Case study: MakeStaticSite and Pagefind


A perhaps surprising and counter-intuitive application of MakeStaticSite has been to enable site search for a dynamic database-driven site (not static, like this one). by leveraging Pagefind, likewise designed for use in Jamstack scenarios.

A site search facility was needed for Connect2Dialogue, a self-hosted WordPress site using PHP and MySQL to respond to Web requests, all fairly standard. However, it is not a blogging platform, but has been set up as a data-intensive content management system. Furthermore the data model is deeply nested with many tables (resulting especially from numerous custom fields using ACF Pro repeater fields). Hence, the usual SQL-based approach to site search, whether out-of-the-box, or available in plugins, was fiddly to set up and resulted in complex queries, involving a large number of clauses. The net effect was poor performance.

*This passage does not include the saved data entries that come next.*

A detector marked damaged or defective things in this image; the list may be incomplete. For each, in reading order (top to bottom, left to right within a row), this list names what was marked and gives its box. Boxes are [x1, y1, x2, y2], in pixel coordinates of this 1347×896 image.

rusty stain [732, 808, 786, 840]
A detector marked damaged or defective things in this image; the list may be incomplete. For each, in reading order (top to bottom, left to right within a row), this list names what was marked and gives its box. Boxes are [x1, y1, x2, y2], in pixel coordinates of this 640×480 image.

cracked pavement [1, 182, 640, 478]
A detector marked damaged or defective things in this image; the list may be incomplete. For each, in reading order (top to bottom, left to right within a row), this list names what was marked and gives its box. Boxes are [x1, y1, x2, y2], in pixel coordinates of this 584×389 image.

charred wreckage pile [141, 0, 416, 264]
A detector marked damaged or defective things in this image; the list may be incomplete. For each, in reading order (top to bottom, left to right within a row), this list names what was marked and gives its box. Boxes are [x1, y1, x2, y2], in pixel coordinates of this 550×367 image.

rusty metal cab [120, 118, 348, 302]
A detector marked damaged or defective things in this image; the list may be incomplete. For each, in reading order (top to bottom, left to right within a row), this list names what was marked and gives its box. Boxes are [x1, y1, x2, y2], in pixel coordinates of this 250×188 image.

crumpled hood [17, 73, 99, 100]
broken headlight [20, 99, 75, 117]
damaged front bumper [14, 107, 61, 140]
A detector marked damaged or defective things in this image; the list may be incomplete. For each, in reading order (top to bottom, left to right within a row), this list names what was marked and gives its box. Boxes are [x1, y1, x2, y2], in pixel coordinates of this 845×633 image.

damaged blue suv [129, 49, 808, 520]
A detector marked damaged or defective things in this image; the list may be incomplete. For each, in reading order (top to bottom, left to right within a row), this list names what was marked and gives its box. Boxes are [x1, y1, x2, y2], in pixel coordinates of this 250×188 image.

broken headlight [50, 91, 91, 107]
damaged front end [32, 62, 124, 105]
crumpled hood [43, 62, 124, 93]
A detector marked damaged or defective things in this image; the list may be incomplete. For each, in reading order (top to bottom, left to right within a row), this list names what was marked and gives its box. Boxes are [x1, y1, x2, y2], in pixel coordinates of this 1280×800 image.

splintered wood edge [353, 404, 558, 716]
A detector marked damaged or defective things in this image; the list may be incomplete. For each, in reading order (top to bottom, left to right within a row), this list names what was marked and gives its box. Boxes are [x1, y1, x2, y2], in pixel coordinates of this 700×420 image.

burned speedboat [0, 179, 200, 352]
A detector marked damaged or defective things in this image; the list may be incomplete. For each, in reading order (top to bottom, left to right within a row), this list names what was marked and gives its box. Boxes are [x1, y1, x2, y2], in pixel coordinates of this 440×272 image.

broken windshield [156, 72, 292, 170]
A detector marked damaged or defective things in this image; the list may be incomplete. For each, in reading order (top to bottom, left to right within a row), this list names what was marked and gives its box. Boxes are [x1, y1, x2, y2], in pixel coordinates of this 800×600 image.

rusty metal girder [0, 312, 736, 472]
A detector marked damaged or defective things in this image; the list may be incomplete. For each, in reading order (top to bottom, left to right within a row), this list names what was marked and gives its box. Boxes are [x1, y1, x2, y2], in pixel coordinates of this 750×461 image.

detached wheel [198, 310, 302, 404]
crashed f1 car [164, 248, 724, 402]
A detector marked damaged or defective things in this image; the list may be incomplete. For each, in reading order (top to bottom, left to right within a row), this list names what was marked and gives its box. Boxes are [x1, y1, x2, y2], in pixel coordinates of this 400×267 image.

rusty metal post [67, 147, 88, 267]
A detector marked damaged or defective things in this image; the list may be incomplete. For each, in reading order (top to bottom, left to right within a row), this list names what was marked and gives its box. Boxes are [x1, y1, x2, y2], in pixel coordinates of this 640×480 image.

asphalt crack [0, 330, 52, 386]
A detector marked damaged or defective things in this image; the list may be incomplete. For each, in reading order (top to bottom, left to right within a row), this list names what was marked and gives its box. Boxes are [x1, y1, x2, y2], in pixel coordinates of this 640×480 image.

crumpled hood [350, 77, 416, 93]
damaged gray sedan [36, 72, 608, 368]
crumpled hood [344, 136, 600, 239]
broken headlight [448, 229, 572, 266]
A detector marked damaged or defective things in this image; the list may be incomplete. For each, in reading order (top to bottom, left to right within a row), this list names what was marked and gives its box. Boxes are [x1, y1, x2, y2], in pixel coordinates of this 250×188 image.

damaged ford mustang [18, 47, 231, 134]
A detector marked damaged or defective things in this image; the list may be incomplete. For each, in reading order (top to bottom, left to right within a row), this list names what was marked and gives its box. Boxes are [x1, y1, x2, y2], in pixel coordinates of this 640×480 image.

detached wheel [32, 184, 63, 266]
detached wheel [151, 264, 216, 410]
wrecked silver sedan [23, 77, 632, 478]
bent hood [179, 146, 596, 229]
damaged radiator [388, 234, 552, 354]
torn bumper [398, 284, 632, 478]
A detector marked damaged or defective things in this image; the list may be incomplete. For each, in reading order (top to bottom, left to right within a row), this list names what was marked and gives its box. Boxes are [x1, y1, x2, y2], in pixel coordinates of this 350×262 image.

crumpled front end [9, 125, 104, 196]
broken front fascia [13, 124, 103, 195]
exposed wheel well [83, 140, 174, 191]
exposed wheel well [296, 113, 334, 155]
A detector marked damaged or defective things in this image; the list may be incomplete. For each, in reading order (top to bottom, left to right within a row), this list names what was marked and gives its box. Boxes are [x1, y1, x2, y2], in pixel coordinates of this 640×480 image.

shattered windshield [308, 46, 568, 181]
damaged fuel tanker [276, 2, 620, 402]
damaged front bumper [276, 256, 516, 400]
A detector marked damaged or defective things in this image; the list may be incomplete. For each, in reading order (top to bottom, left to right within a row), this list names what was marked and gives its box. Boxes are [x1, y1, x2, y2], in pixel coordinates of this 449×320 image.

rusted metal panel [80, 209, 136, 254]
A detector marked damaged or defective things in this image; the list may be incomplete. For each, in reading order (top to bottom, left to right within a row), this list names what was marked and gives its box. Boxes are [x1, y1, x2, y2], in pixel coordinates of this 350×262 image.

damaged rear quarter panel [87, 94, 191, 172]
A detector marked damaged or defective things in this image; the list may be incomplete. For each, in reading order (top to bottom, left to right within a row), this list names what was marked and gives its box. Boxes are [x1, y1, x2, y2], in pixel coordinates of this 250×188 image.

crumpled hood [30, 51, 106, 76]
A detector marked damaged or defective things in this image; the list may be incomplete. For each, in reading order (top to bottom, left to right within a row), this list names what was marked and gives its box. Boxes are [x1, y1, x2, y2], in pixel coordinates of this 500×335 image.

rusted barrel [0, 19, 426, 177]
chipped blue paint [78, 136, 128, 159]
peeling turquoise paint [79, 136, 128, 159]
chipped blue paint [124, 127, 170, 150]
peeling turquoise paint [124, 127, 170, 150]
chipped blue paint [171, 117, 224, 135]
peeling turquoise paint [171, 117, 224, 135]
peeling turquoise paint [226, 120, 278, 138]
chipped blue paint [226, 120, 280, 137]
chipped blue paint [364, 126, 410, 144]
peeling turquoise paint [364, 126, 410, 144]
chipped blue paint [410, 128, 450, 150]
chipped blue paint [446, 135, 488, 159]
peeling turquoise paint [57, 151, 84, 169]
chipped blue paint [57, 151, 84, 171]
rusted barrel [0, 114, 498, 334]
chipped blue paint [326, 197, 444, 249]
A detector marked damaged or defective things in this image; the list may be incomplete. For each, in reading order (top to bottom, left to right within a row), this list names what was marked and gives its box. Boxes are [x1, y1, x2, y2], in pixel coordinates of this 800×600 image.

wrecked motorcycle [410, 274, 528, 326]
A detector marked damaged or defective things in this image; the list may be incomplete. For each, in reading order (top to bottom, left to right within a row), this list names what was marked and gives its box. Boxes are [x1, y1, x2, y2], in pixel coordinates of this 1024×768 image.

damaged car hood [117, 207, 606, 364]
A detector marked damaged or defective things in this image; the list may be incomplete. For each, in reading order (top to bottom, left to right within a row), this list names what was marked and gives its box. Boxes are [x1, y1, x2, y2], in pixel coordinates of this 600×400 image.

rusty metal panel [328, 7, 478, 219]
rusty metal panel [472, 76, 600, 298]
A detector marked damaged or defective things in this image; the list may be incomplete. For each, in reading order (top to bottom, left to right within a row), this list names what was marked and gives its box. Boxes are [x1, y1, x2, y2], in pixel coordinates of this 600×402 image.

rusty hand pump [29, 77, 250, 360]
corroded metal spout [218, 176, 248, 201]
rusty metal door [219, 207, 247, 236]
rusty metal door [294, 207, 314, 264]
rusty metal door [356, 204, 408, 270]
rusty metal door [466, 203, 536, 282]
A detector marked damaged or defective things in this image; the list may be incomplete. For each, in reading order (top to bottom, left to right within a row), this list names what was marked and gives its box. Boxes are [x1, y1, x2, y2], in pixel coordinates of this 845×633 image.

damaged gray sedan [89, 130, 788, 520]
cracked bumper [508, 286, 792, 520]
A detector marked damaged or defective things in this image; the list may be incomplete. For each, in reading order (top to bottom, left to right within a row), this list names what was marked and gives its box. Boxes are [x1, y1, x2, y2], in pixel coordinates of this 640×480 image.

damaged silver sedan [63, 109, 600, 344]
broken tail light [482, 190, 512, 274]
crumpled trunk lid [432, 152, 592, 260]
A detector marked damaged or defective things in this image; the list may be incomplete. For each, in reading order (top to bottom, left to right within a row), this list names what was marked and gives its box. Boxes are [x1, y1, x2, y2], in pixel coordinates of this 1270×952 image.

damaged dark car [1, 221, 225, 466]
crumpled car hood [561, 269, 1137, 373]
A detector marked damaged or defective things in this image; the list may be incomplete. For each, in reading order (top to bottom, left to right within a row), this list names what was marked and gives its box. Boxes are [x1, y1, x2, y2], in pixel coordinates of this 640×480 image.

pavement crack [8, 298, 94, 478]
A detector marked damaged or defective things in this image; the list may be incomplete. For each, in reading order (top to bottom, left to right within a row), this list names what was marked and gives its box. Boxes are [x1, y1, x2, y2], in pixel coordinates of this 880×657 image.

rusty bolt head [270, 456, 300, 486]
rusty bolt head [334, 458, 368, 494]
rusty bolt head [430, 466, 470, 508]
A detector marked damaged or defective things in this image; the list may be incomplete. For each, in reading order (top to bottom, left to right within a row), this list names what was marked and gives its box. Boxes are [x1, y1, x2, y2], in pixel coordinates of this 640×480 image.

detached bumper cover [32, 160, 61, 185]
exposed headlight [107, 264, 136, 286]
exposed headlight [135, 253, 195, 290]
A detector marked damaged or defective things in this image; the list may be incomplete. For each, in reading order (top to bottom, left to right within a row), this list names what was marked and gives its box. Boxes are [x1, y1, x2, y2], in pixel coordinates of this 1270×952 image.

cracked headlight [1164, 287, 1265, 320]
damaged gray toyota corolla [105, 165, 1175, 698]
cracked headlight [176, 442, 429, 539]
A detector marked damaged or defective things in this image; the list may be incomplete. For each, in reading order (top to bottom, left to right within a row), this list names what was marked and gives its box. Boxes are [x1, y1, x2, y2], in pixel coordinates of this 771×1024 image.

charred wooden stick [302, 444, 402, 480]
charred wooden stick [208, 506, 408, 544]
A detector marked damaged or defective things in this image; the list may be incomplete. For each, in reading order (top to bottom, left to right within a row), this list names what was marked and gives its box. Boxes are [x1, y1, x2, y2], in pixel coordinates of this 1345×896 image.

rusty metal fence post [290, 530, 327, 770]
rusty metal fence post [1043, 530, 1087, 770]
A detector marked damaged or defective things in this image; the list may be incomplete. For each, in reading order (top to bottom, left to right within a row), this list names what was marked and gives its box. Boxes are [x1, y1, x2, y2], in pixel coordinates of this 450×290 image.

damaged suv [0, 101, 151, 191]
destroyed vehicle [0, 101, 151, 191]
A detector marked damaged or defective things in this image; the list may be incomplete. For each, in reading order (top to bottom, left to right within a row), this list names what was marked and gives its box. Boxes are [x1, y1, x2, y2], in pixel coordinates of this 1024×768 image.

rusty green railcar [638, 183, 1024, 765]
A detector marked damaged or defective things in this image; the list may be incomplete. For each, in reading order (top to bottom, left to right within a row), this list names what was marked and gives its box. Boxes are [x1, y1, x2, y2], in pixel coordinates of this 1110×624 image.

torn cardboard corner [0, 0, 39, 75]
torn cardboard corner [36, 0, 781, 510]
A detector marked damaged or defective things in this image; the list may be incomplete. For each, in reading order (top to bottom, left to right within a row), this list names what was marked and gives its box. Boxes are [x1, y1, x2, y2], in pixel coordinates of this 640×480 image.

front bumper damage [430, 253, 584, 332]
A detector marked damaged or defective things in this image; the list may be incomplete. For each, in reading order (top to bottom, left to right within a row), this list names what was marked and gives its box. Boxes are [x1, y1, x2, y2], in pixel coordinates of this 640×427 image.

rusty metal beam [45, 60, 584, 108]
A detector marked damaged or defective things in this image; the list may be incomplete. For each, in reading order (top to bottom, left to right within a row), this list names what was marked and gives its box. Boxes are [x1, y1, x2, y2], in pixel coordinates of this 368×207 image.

As an alternative, the problem can be approached from the front-end perspective, in terms of the web output rather than the back-end data model. This then shifts the indexing domain from SQL data to text, for which there are many possible solutions, such as Elasticsearch and Apache Solr, which are generally more efficient. Furthermore, the evolution of these and others, towards ‘serverless’ solutions, popularised by the likes of Algolia, has removed the burden of server management. However, these solutions usually create dependencies as most are commonly leveraging third party services, with implications for data protection. And there is still a technical gap to be bridged: the data has to be mapped to a format that allows processing in such a way that generates appropriate results, which requires transformation of data guided by semantic knowledge.

Given this site uses Lunr.js via a fork of the WP Static Search plugin, what about that? Unfortunately, the plugin only indexes standard pages and posts, which for Connect2Dialogue amount to around 50 altogether, when there are actually around 1400 distinct web pages for individuals and organisations. Also, the plugin is only really suitable for small sites.

Enter MakeStaticSite and Pagefind

Whether or not a site requires server-side scripting, the general practice for URL paths (the web page hierarchy and naming scheme) has increasingly become technology-agnostic to support sustainability, tending towards ‘directory’-based URLs, with file extensions removed. This is true of WordPress; permalinks seldom have a .php extension and are generally not plain (using a query string with post ID), but comprise solely nested directory names that are meaningful. Such naming conventions are amenable to the construction of a search index for a ‘serverless’ setup, provided the web server is configured to support directory indexes.

This opens up the use of tools such as Wget (and hence MakeStaticSite) to crawl the sites and generate mirrors that preserve the directory structure. The output can then be used by search tools to generate an index that directly feeds, without amendment, a JavaScript-powered search interface. And Pagefind fits the bill.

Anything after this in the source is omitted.